Qualunque uomo normale che fallisce in un’impresa, difficilmente auspicherebbe che abbia successo chi lo sostituisce. È un fatto umano e perdonabile, che potrebbe non toccare solo gli spiriti superiori per abnegazione altruista, una genìa dalla quale Conte ha dimostrato di essere lontano come la Terra da Alfa Centauri. Qualunque uomo normale tacerebbe o, se dotato di spirito umorista, direbbe: «vada avanti lui che a me scappa da ridere». Invece no. Conte, privo di alcuna barriera morale, sente il bisogno di cercare di convincere gli altri di ciò che lui non solo non è, che nessuno gli chiede di essere. La verità è che se Draghi fallisce Conte gioisce.

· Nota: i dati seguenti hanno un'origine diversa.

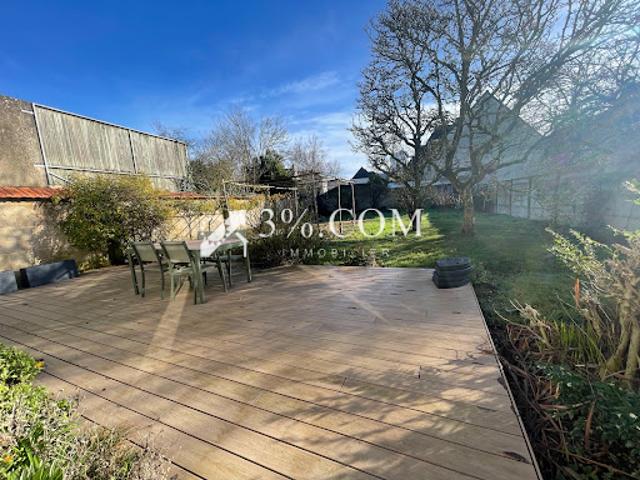 Vente Maison 9 pièces 138 m2 Rennes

Non stanco di mentire, l’uomo si abbandona a cripticismi: «Se il governo godrà di largo consenso parlamentare allora le forze politiche che lo sostengono perdono di coesione». Ma che significa? A Draghi, per evitare aperti litigi, basterà formare un governo di tecnici e nessuno perderà di coesione interna. Tutti, per sopravvivere, salvando la facciata di opporsi a turno, devono solo assicurarsi che il voto al governo non manchi. Avrebbe potuto farlo Conte al suo secondo mandato. Ma, come detto, l’uomo di governo è incapace: non capì neanche che, nell’emergenza, c’era bisogno di un competente alla testa del ministero della Sanità. La sua inettitudine gli dà la responsabilità morale e politica (ovviamente non penale) dei quasi 100.000 decessi da pandemia.